Did his experience with user-friendly interfaces help Steve Jobs double the number of organ transplants available in California?

This piece was originally published last October. See all coverage of Steve Jobs' life and death.

In 2008 and 2009 there was a lot of speculation about Steve Jobs' health. He was noticeably gaunt. But Apple PR wasn't clear about his condition, calling it a "cold" or a "hormone imbalance." It turns out he had a failing liver and was learning he needed a transplant.

As Business Insider tells it, Jobs then ran around the country, trying to get on as many liver waiting lists as possible. This is one (very expensive and time-consuming) way you can improve your chances of getting a donated organ if you have the resources. He ended up getting one, of course, but not everyone does.

The whole ordeal convinced him, apparently, that the process for getting organs was unfair, and the process of finding donors could be improved. As the story goes, he made a personal appeal to Maria Shriver and Arnold Schwarzenegger to change the law.

And it worked.

Yesterday, California Governor Arnold Schwarzenegger signed into law a bill that will make California the first state in the nation to create a live donor registry for kidney transplants.

The bill also requires California drivers to decide whether they want to be organ donors when they renew their drivers' licenses. According to one notable supporter, this second measure alone should double the number of organ transplants available in California.

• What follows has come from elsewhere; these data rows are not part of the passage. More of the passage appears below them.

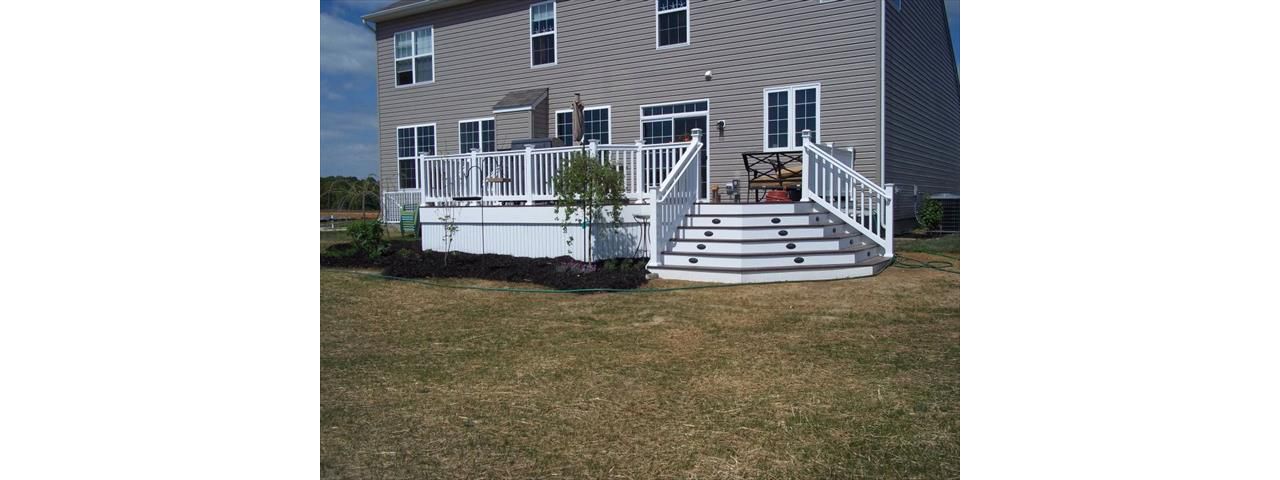 Trex Transcend decking, New Castle, DE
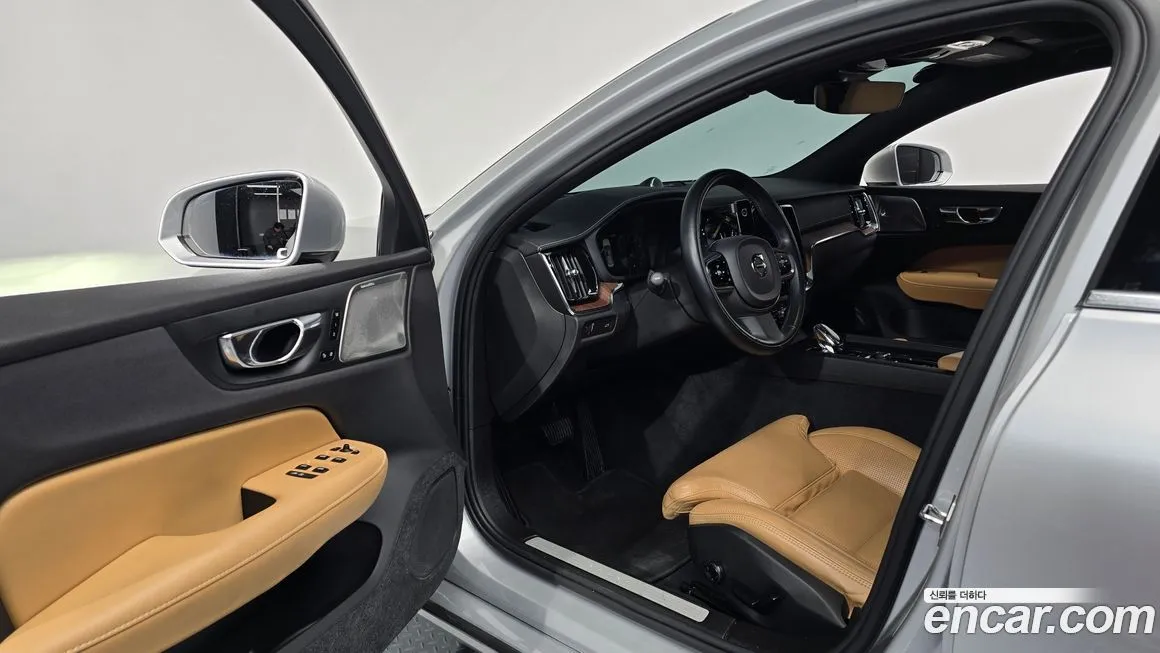Volvo S60 2021 из KR, фото 6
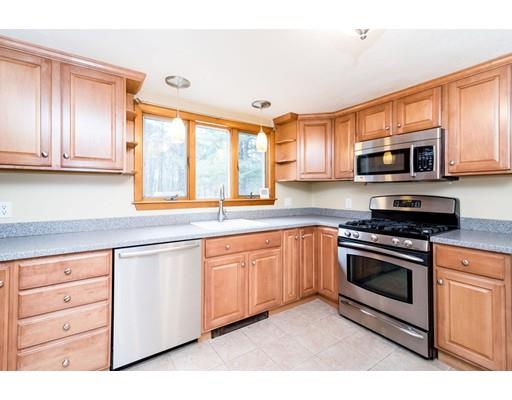 16 Warren Road Townsend, MA 01469 - Photo 9 of 29 Gallery Image 9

It's a fascinating story, but here's the most fascinating detail: Apparently Jobs was pushing for that latter provision. He wanted to make sure that drivers didn't just have the option of electing to become donors, but actually were forced to declare whether they would or wouldn't be. I can't help thinking that's the contribution of someone who knows the power of nudges and default settings and is applying insights from user interfaces design to the DMV. And that makes me think that UI experts should be more involved in government, not just designing better tax forms but consulting on policy.